The best way to start is to put zapret dir to /tmp and run /tmp/zapret/install_easy.sh from there. After installation remove /tmp/zapret to free RAM.

The absolute minimum for openwrt is 64/8 system, 64/16 is comfortable, 128/extroot is recommended.

For low storage openwrt see init.d/openwrt-minimal.

Android

Its not possible to use nfqws and tpws in transparent proxy mode without root privileges. Without root tpws can run in --socks mode.

Android has NFQUEUE and nfqws should work.

There's no ipset support unless you run custom kernel. In common case task of bringing up ipset on android is ranging from "not easy" to "almost impossible", unless you find working kernel image for your device.
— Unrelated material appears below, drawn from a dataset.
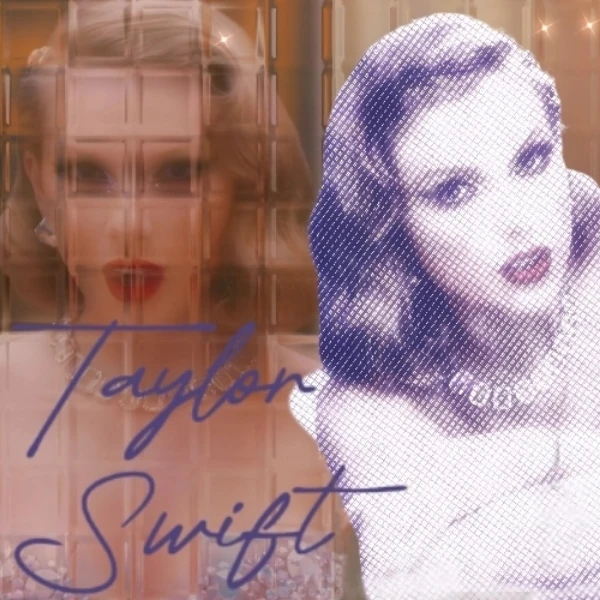 테일러 스위프트 팬심 가득한 인기 사진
Android does not use /etc/passwd, tpws --user won't work. There's replacement. Use numeric uids in --uid option. Its recommended to use gid 3003 (AID_INET), otherwise tpws will not have inet access.

Example : --uid 1:3003

In iptables use : ! --uid-owner 1 instead of ! --uid-owner tpws.
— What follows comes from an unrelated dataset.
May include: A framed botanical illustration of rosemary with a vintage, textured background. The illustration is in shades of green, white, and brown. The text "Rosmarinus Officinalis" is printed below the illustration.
Nfqws should be executed with --uid 1. Otherwise on some devices or firmwares kernel may partially hang. Looks like processes with certain uids can be suspended. With buggy chineese cellular interface driver this can lead to device hang.
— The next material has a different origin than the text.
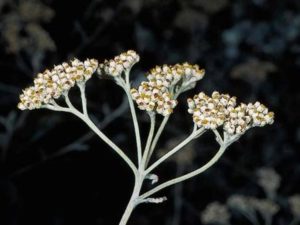 Helichrysum petiolare_licoriceplant_JM DiTomaso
Write your own shell script with iptables and tpws, run it using your root manager. Autorun scripts are here :

magisk : /data/adb/service.d

supersu : /system/su.d

How to run tpws on root-less android. You can't write to /system, /data, can't run from sd card. Selinux prevents running executables in /data/local/tmp from apps. Use adb and adb shell.

mkdir /data/local/tmp/zapret
adb push tpws /data/local/tmp/zapret
chmod 755 /data/local/tmp/zapret /data/local/tmp/zapret/tpws
chcon u:object_r:system_file:s0 /data/local/tmp/zapret/tpws

Now its possible to run /data/local/tmp/zapret/tpws from any app such as tasker.

FreeBSD, OpenBSD, MacOS

see docs/bsd.en.md

Windows (WSL)

see docs/windows.en.md

Other devices

Author's goal does not include easy supporting as much devices as possibles. Please do not ask for easy supporting firmwares. It requires a lot of work and owning lots of devices. Its counterproductive. As a devices owner its easier for you and should not be too hard if firmware is open. Most closed stock firmwares are not designed for custom usage and sometimes actively prevent it. In the latter case you have to hack into it and reverse engineer. Its not easy. Binaries are universal. They can run on almost all firmwares. You will need :

  • root shell access. true sh shell, not microtik-like console
  • startup hook
  • r/w partition to store binaries and startup script with executable permission (+x)
  • tpws can be run almost anywhere but nfqws require kernel support for NFQUEUE. Its missing in most firmwares.
  • too old 2.6 kernels are unsupported and can cause errors. newer 2.6 kernels are OK. If binaries crash with segfault (rare but happens on some kernels) try to unpack upx like this : upx -d tpws.

First manually debug your scenario. Run iptables + daemon and check if its what you want. Write your own script with iptables magic and run required daemon from there. Put it to startup. Dont ask me how to do it. Its different for all firmwares and requires studying. Find manual or reverse engineer yourself. Check for race conditions. Firmware can clear or modify iptables after your startup script. If this is the case then run another script in background and add some delay there.